Data shown —

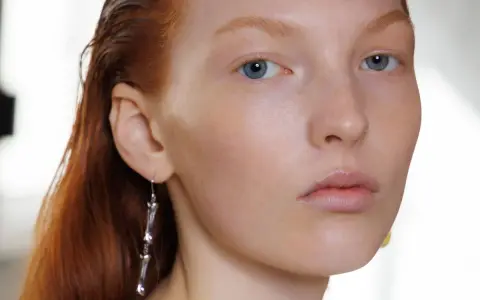 Primo piano di una giovane donna con capelli rossi e occhi azzurri, un neo della bellezza sul viso. Indossa un orecchino pendente.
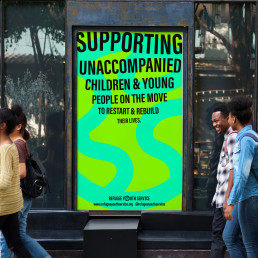 Refugee Youth Service poster promotion in the street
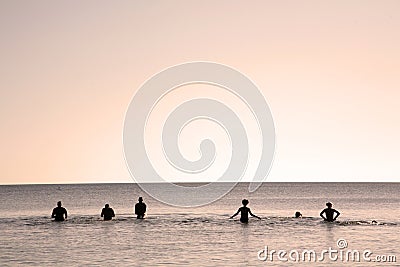 Six people in water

Problem description — Copy the listing verbatim, omitting images.

Solution —
 Primo piano di una giovane donna con capelli rossi e occhi azzurri, un neo della bellezza sul viso. Indossa un orecchino pendente.
 Refugee Youth Service poster promotion in the street
 Six people in water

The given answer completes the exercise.